In one embodiment of the present invention, the expression of the time series differential error is:

L _TD ＝Y _t -Q(s _t ,a _t ；θ)

wherein Y is _t Represents the cumulative expected return estimate at time t, Q(s) _t ,a _t The method comprises the steps of carrying out a first treatment on the surface of the θ) represents the input state s in the Q network _t Estimating an output value by accumulated expected returns at the time; wherein,

wherein r is _t+1 Rewards at time t+1; gamma epsilon (0, 1) is the discount coefficient;expressed in terms of the parameter theta ^- Input s in target network of (a) _t+1 Output action is +.>A corresponding accumulated expected return estimate; />To input state s in Q network _t+1 The action with the maximum expected return estimated output value is accumulated.

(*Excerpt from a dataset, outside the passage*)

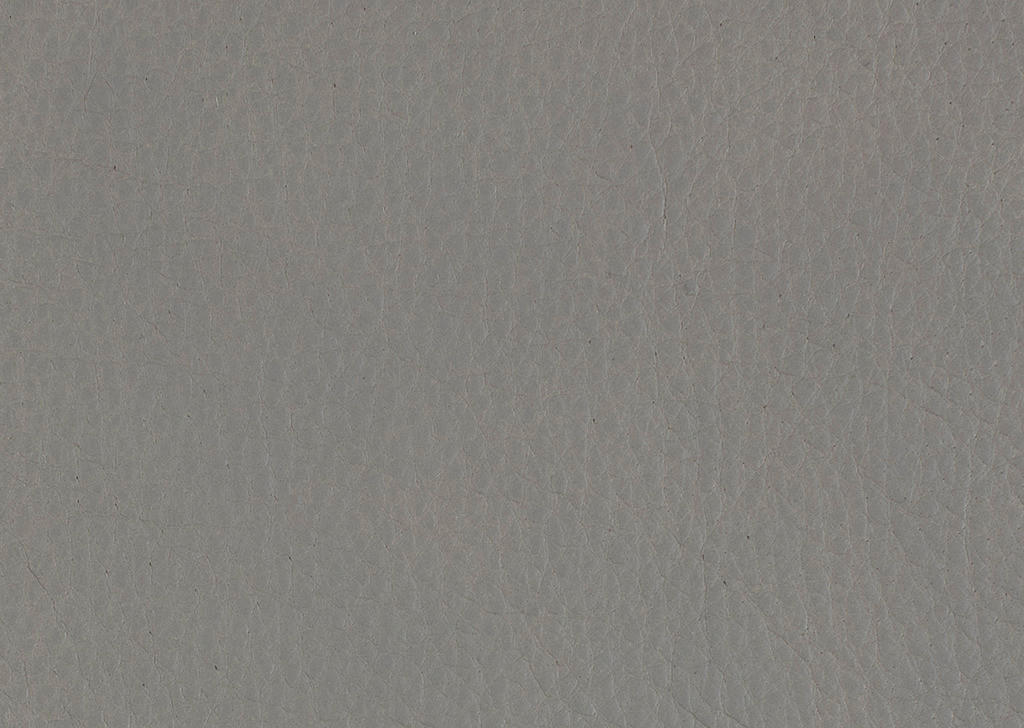 WOHNLANDSCHAFT in Echtleder Hellgrau  - Hellgrau/Schwarz, Natur, Leder/Metall (222/364/159cm) - Dieter Knoll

In one embodiment of the present invention, the expression of the large-pitch classification loss is:

wherein A represents an action space, s _t Indicating that the hot air furnace is inthe combustion state at time t, a represents any operation in the operation space a, Q (s _t A; θ) indicates that the Q network with parameter θ is in the input state s _t The lower action is the output of a,representing expert action at time t, i.e. s in the state transition record _t The corresponding valve position adjustment action under the state; />And b is a super-parameter greater than zero, representing a penalty function when the action output by the model is inconsistent with the expert action reflected in the record.

In one embodiment of the present invention, the expression of the L2 regularization loss is:

wherein θ is a parameter of the Q network.

In one embodiment of the present invention, the specific method for the Q network to synchronize the updated parameters to the target network is: and synchronizing the parameters of the Q network to the target network when the sampling times reach the preset target network parameter updating frequency.

In one embodiment of the present invention, the gradient descent method is as follows: and calculating importance sampling weights of all the state transition records according to the sampling probability, updating gradient values according to the average importance sampling weights of the B-state transition records obtained by sampling, and updating the sampling priority of the state transition records according to the time sequence differential error.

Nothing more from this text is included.